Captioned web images
==========

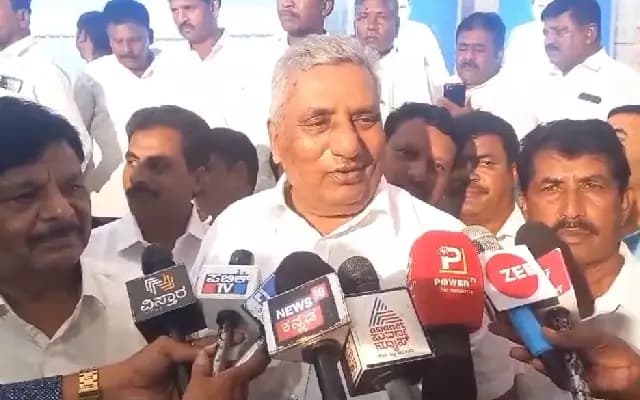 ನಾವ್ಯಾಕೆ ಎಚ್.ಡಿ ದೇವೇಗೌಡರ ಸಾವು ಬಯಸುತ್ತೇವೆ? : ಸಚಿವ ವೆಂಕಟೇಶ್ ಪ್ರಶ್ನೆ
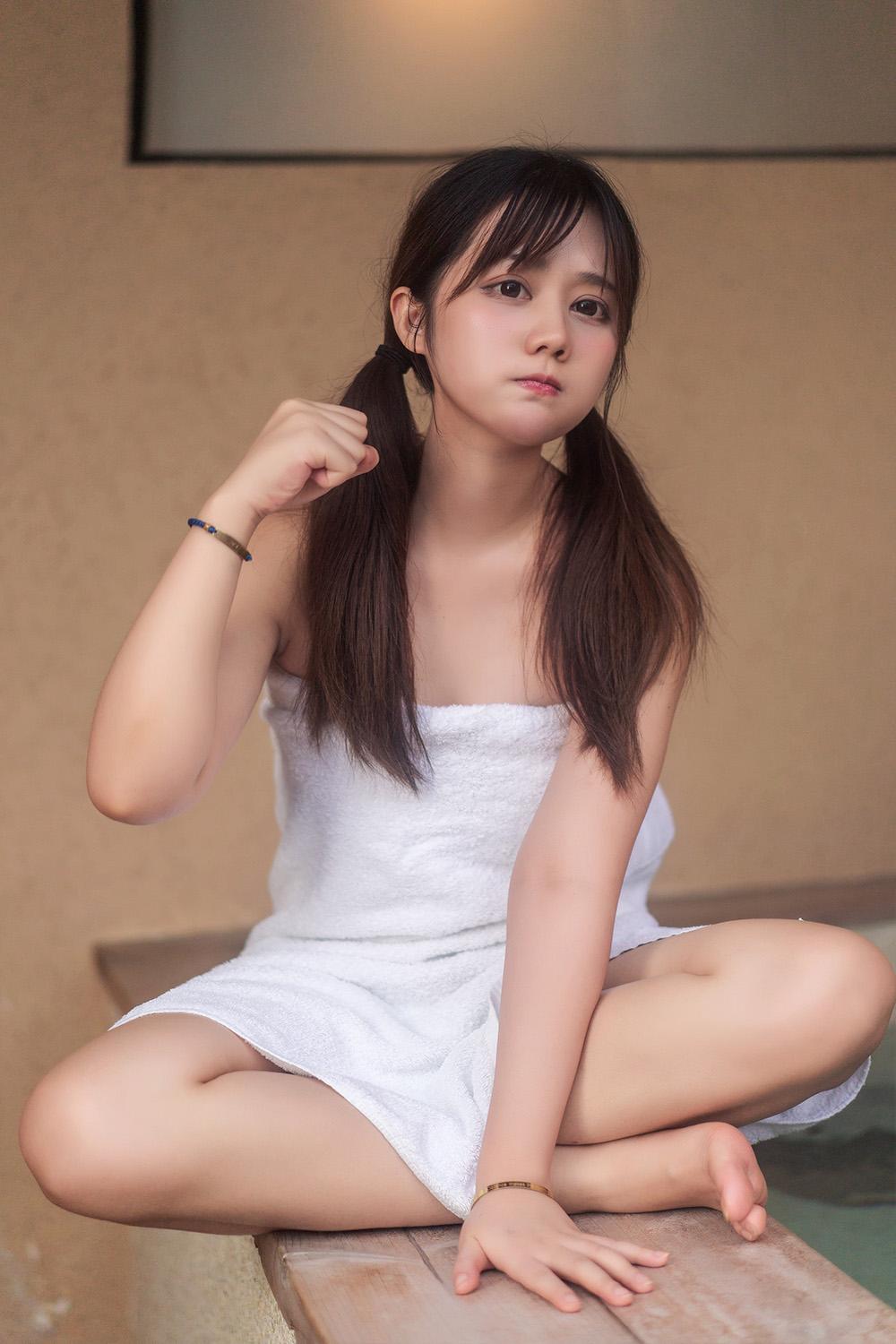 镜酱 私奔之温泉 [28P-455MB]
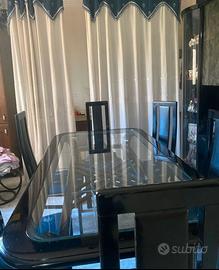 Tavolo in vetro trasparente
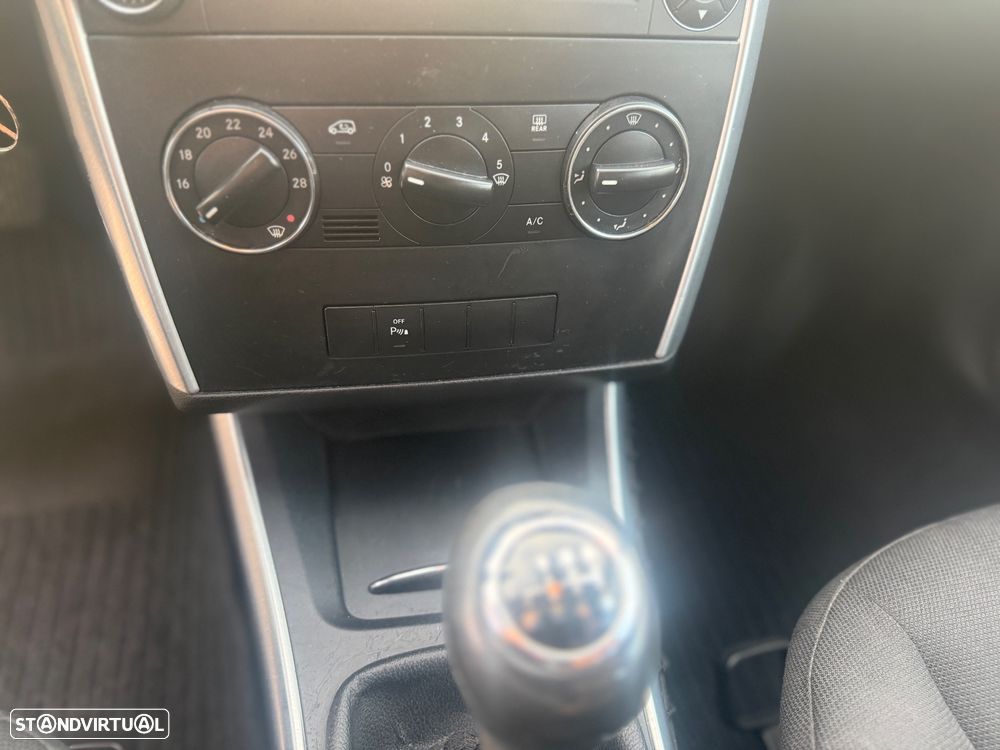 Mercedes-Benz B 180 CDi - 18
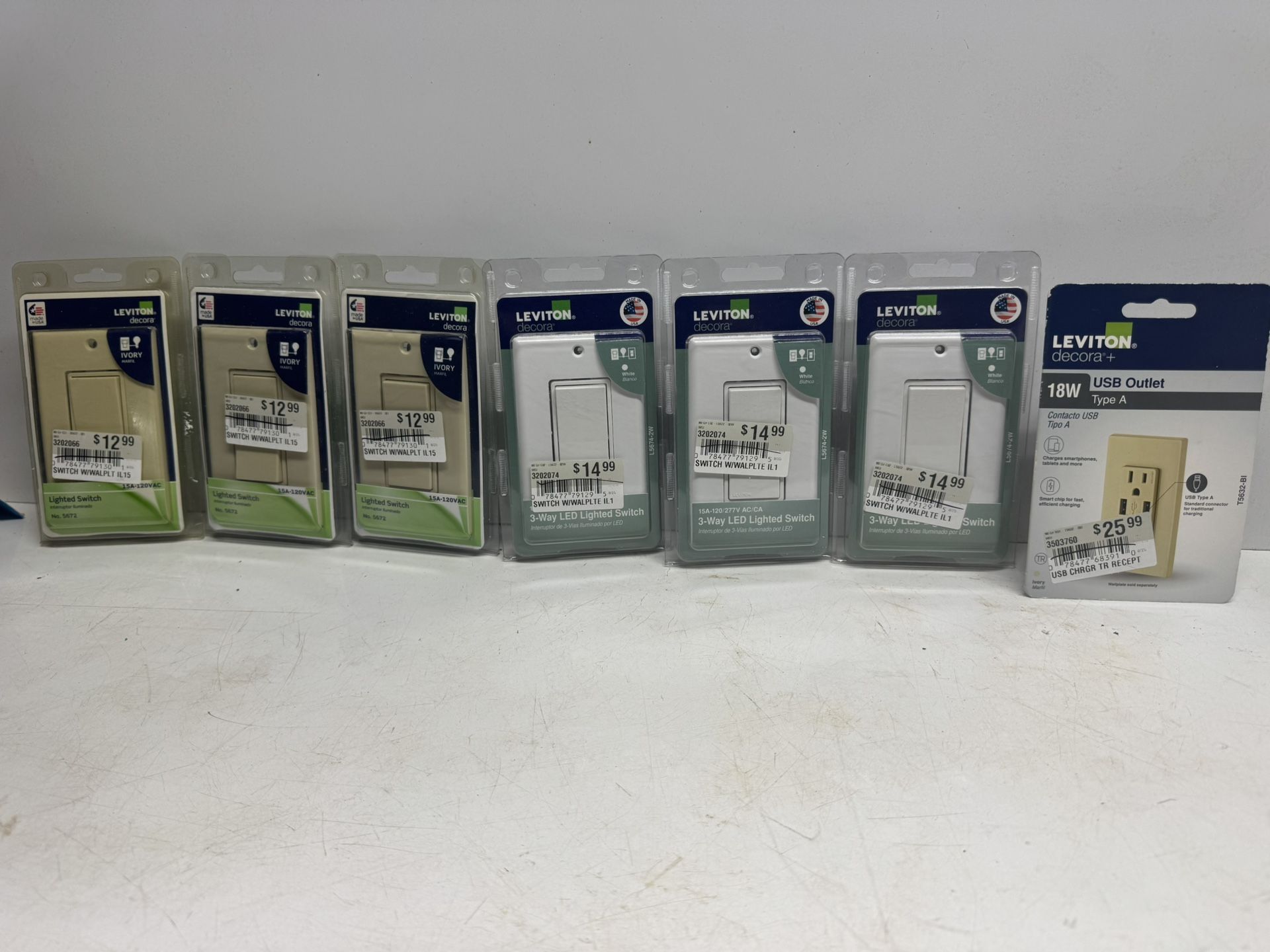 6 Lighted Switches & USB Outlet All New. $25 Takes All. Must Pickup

==========

The entries are to be restated word for word, and no picture should appear in the copy.

 ನಾವ್ಯಾಕೆ ಎಚ್.ಡಿ ದೇವೇಗೌಡರ ಸಾವು ಬಯಸುತ್ತೇವೆ? : ಸಚಿವ ವೆಂಕಟೇಶ್ ಪ್ರಶ್ನೆ
 镜酱 私奔之温泉 [28P-455MB]
 Tavolo in vetro trasparente
 Mercedes-Benz B 180 CDi - 18
 6 Lighted Switches & USB Outlet All New. $25 Takes All. Must Pickup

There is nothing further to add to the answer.